The magazine had been mailed from the towns of Intercourse and Blue Ball, Pennsylvania and the publisher boasted of the explicit nature of the publication.  The publisher’s clear intent was to appeal to the prurient interest of potential readers.
    
  Now which community are we looking at – the local community (say in Idaho, Utah or Alabama) or a national standard?
    
        Take a look at the beginning of Roman Numeral III – the Court says that “First Amendment limitations . . . do not vary from community to community, but this does not mean that there are, or should or can be, fixed, uniform national standards of precisely what appeals to the ‘prurient interest’ or is ‘patently offensive.’”  
    
 Same test, but different standards (a movie that is not obscene in New York may be obscene in Mississippi).  Really a question addressed to the common sense of the jury.  An average jury pool in New York may have a different sense than an average jury in Mississippi.
    
        O.K.  Part two of the Miller test.
    
        Material is obscene if it “depicts or describes, in a patently offensive way, sexual conduct specifically defined by the applicable state law.” 
    
        What does that mean?  Again, this standard is supposed to be based upon contemporary community standards as understood by average jurors. 

 “[N]o one will be subject to prosecution for the sale or exposure of obscene materials unless these materials depict or describe patently offensive ‘hard core’ sexual conduct...”

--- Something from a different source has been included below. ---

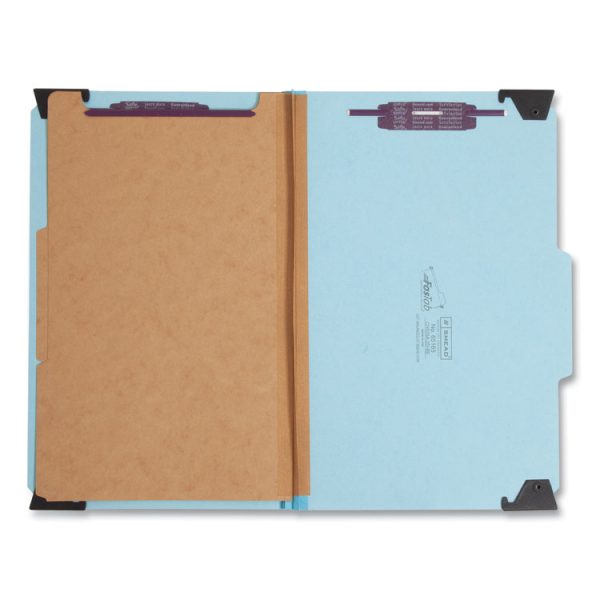 FasTab Hanging Pressboard Classification Folders, 2 Dividers, Legal Size, Blue - Image 2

 So what happens in Jenkins v. Georgia when a Georgia jury applies local community standards and concludes that the movie "Carnal Knowledge" is prurient and patently offensive?
    
        The Supreme Court buys some popcorn and malted milk balls, goes to the movies, and says “as a matter of constitutional law” Carnal Knowledge is not “patently offensive.”
    
        Why not?
    
        It’s not “hard core”? 
    
        What is “hard core”?
    
        Justice Stewart knew it when he saw it and so, apparently, does the Court.
    
        Five thumbs up for Carnal Knowledge – it’s a “must see”!  I mean come on! A young Jack Nicholson and Artie Garfunkel (without Paul Simon)! The Court takes upon itself the task of distinguishing community standards of prurience and offensiveness from mere “community prejudice.”  Nowak at 1137.
    
       Third part of the test:
    

A work is not obscene, even if it is prurient and patently offensive, unless in addition it lacks “serious literary, artistic, political, or scientific value.” (p. 1280) “Taken as a whole.”

 The third part of the test is not judged by local community standards.  Rather, it supposedly is to be decided on an objective basis (i.e. whether a reasonable person would find serious literary, artistic, political, or scientific value in the material, taken as a whole). So, artistic photography--even if hard core-- such as that of Robert Mapplethorpe, is protected because of its serious artistic value.

This is why Professor Stone ends his article with this observation:

Perhaps ironically, we are where we are today not because citizens intentionally voted to make the most extreme forms of sexual material legal, not because judges intentionally held that the Constitution should protect the most extreme forms of such material, but because technology overwhelmed the capacity of the law to constrain the availability of such material. The challenge for the future is to make the best of it.